What do you guys sing to your (or other people’s) kids? Please share in the comments.
Hi – What a great idea for an article! I have two things to add:
1) I sang Rock a Bye Baby to all three of my children…but…changed the words! I had read that falling is a baby’s number one fear – so the words: “down will come baby, cradle and all” seemed too cruel. My revised version is simple: “when the bow breaks, the cradle will fall, but mommy will catch you, cradle and all!”
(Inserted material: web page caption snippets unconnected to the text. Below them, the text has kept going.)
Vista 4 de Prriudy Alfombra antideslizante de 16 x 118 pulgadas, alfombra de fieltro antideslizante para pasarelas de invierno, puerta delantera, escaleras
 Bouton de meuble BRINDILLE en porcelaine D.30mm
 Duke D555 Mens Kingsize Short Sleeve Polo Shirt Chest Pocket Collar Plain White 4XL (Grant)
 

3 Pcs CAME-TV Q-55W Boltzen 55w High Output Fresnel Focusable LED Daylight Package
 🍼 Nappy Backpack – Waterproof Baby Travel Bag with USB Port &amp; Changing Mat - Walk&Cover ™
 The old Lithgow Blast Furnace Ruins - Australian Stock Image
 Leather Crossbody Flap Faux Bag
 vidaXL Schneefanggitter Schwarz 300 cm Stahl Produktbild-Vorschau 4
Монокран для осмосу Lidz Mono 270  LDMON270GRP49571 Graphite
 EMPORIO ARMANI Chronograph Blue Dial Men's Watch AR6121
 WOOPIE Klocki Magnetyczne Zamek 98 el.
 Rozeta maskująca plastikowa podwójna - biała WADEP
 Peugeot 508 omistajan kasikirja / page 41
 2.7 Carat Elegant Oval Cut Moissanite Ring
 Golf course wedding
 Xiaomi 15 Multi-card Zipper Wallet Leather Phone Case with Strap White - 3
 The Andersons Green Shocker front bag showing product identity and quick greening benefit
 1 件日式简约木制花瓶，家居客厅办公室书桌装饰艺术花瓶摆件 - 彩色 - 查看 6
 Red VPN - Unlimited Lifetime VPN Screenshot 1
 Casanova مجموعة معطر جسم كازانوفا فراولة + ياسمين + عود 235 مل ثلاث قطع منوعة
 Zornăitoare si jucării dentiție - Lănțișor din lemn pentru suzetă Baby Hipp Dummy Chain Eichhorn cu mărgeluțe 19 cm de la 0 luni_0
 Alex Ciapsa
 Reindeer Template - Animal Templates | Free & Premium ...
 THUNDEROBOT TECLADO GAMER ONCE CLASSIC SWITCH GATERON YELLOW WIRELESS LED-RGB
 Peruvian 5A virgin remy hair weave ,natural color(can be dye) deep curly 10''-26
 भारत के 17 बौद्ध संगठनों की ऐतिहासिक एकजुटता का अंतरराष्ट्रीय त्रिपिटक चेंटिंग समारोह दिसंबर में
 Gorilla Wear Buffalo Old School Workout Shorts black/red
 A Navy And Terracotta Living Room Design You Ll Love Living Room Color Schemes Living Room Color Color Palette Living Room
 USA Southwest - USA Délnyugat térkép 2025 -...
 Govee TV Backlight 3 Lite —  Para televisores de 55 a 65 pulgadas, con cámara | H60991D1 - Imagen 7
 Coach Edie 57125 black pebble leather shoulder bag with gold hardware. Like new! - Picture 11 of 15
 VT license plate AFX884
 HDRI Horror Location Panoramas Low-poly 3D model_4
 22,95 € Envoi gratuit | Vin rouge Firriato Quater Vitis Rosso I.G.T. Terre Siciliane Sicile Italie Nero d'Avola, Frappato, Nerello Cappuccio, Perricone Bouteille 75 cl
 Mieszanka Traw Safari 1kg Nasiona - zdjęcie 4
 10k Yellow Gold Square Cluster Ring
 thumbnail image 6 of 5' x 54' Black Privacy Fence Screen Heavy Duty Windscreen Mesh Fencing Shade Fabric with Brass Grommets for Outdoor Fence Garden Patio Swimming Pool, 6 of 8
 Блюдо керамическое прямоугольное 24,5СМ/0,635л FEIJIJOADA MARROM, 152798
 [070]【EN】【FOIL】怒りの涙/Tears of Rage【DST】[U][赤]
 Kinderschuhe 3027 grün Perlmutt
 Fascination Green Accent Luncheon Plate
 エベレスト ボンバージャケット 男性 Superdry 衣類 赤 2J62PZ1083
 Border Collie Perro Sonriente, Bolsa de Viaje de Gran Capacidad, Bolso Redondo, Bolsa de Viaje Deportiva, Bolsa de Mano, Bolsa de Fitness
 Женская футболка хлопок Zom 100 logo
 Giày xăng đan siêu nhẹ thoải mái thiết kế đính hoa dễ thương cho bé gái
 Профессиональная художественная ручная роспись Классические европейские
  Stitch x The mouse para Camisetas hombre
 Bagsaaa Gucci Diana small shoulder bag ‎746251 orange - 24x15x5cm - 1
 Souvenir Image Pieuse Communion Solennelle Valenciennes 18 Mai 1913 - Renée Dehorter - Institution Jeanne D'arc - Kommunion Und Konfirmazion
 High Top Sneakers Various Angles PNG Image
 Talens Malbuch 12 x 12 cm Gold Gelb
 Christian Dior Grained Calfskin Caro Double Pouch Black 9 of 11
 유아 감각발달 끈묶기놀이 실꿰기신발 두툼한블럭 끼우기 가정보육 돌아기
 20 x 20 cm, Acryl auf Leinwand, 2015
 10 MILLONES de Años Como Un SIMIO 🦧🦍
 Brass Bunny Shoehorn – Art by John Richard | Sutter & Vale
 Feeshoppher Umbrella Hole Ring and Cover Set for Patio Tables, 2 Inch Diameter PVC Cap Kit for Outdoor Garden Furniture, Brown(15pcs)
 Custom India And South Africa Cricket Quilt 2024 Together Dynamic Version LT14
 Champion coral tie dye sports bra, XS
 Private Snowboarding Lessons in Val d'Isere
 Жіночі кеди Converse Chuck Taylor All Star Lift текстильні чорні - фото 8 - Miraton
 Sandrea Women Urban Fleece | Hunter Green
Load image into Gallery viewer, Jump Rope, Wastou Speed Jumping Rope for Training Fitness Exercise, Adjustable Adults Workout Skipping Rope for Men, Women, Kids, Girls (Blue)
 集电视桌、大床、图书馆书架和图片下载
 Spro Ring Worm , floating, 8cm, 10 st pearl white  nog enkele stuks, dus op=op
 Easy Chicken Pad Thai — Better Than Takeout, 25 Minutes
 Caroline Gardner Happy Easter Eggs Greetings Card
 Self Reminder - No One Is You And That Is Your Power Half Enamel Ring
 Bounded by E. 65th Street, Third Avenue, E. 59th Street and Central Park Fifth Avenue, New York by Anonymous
2) I sang Silent Night to my middle son after an excruciating struggle with his recovery from a tonsillectomy. One night, when he just couldn’t settle, I tried every song I knew (and I’m not a singer) and Silent Night did the trick!
I would sing “Sleeping” by Neil Moore from the Simply Music curriculum, which I have taught many hundreds of students. Singing it freshened it for me. I would also sing Brahms’ Lullaby with my own lyrics, which would become more angst-ridden as the night wore on, which begs the question: does the meaning of the lyrics matter when the child is too young to understand them?
Kookaburra Sits in the Old Gum Tree seems like an odd choice – too chirpy, if you’ll pardon the pun – but I would advise people to boycott it after a bloody-minded lawsuit .
Another interesting study would be people’s favourite recorded lullaby.